- **What you need to do**
Look below for the line with "Power Man and Iron Fist #113"; begin the copy there and stop after the line with "Pair of Koni Heavy", keeping the text exact and the pictures out.

- **Task inputs**
§
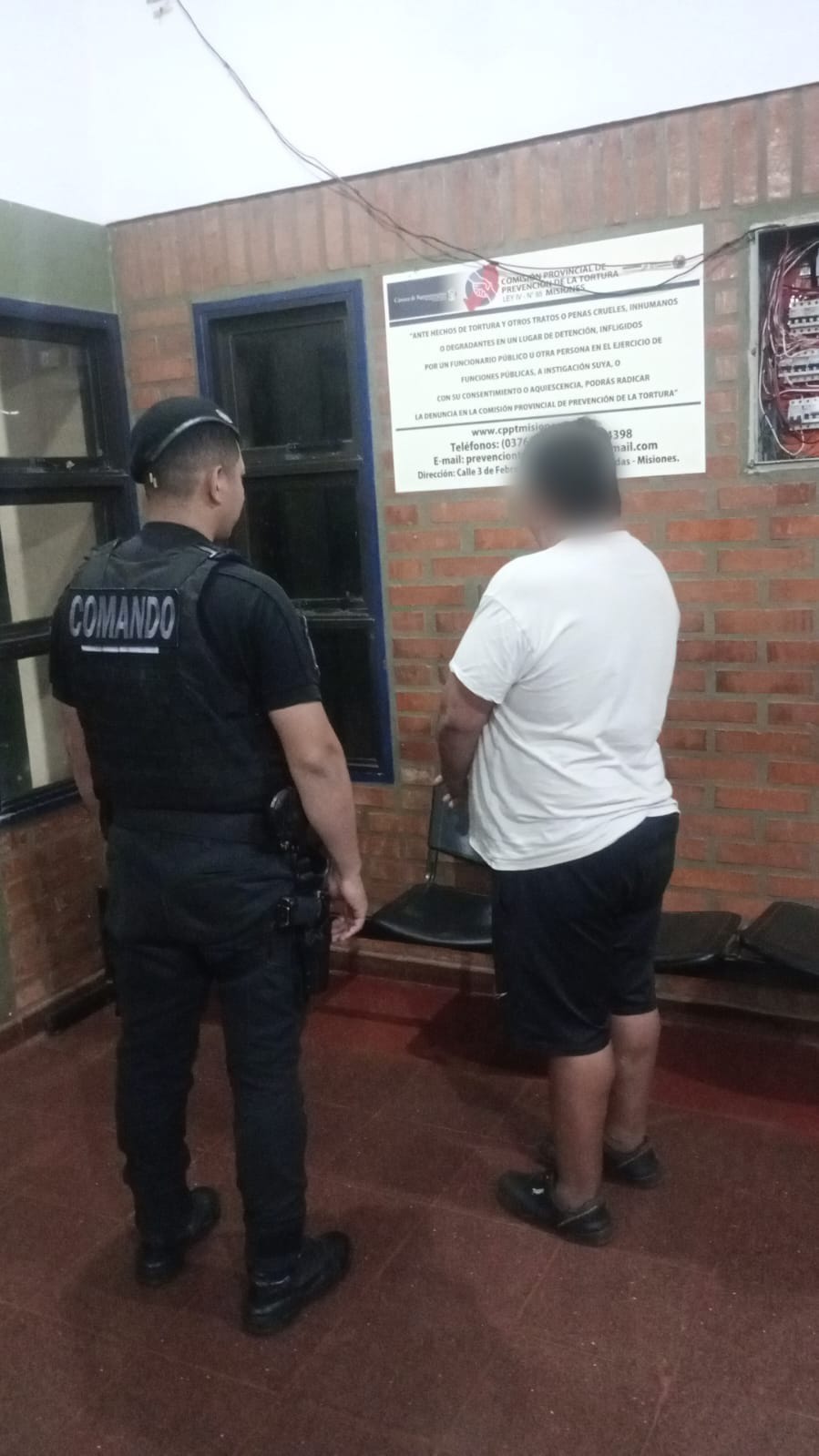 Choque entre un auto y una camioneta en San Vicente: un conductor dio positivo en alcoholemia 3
§
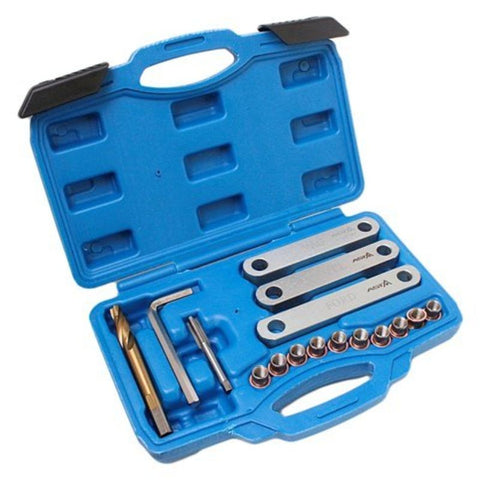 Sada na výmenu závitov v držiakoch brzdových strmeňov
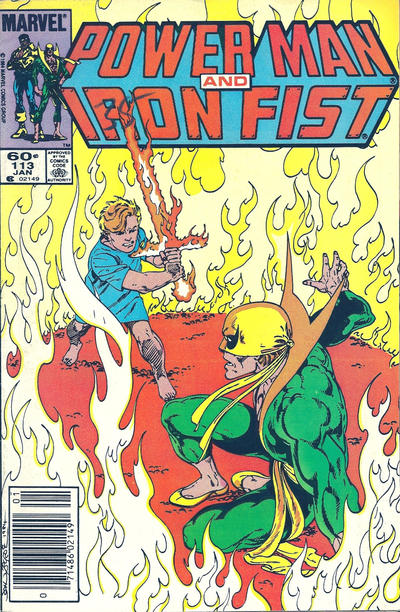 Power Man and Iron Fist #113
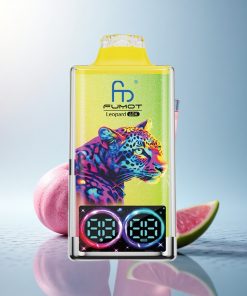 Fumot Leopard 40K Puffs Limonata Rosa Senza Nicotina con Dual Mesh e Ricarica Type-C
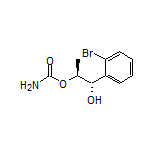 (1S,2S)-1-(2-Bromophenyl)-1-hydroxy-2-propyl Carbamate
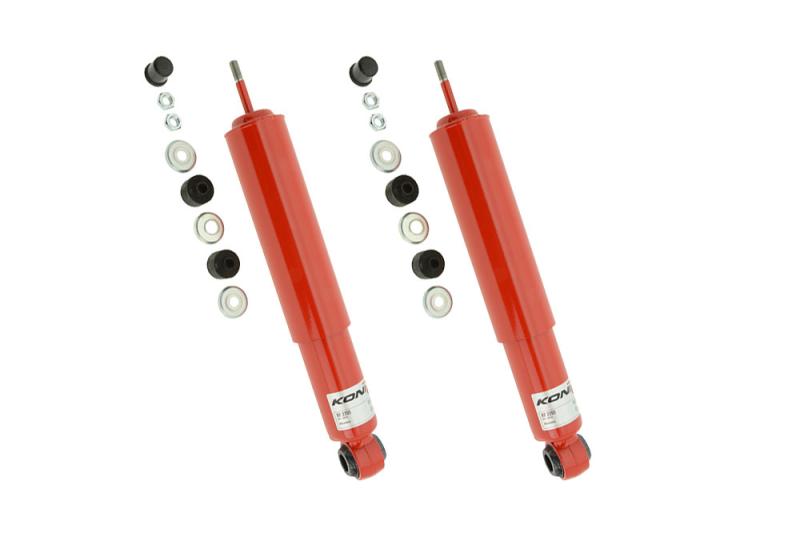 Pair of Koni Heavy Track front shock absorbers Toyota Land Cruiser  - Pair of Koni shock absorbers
§
- **Response to this exercise**
 Power Man and Iron Fist #113
 Fumot Leopard 40K Puffs Limonata Rosa Senza Nicotina con Dual Mesh e Ricarica Type-C
 (1S,2S)-1-(2-Bromophenyl)-1-hydroxy-2-propyl Carbamate
 Pair of Koni Heavy Track front shock absorbers Toyota Land Cruiser  - Pair of Koni shock absorbers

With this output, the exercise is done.